### Aim of the exercise
Only one span of the material below is wanted. Output it exactly, from the line with "Historic building on" through the line with "Light Blue Happy", without any pictures.

### Records provided
+ + +

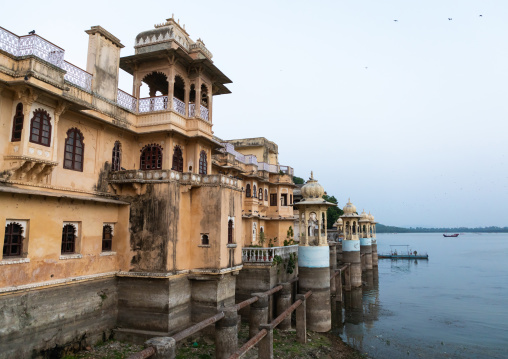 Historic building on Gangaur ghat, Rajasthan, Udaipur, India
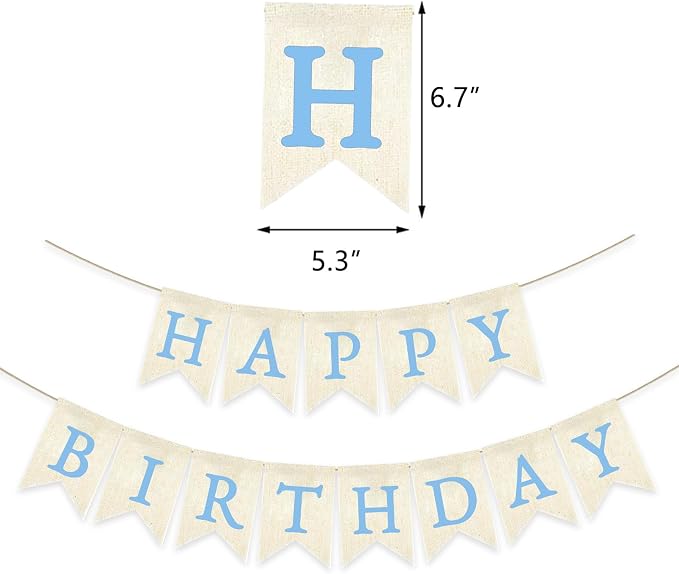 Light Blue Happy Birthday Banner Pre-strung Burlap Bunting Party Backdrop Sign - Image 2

+ + +

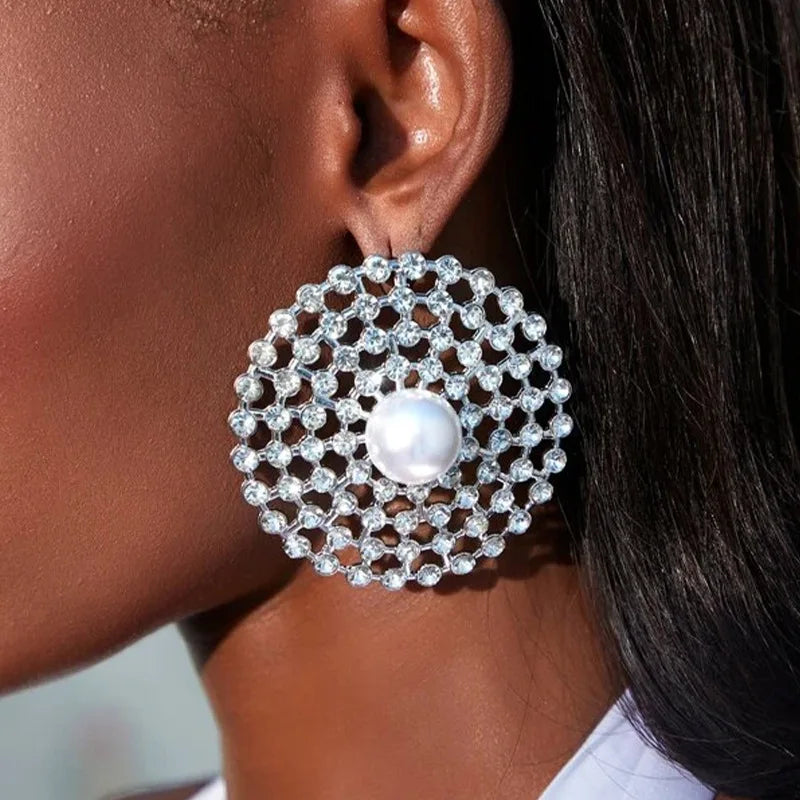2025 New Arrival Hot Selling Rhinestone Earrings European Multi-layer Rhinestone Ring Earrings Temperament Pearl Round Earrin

+ + +

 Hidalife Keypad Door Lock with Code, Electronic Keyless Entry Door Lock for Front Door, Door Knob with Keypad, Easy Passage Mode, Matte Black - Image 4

+ + +

### Solution
 Historic building on Gangaur ghat, Rajasthan, Udaipur, India
 Light Blue Happy Birthday Banner Pre-strung Burlap Bunting Party Backdrop Sign - Image 2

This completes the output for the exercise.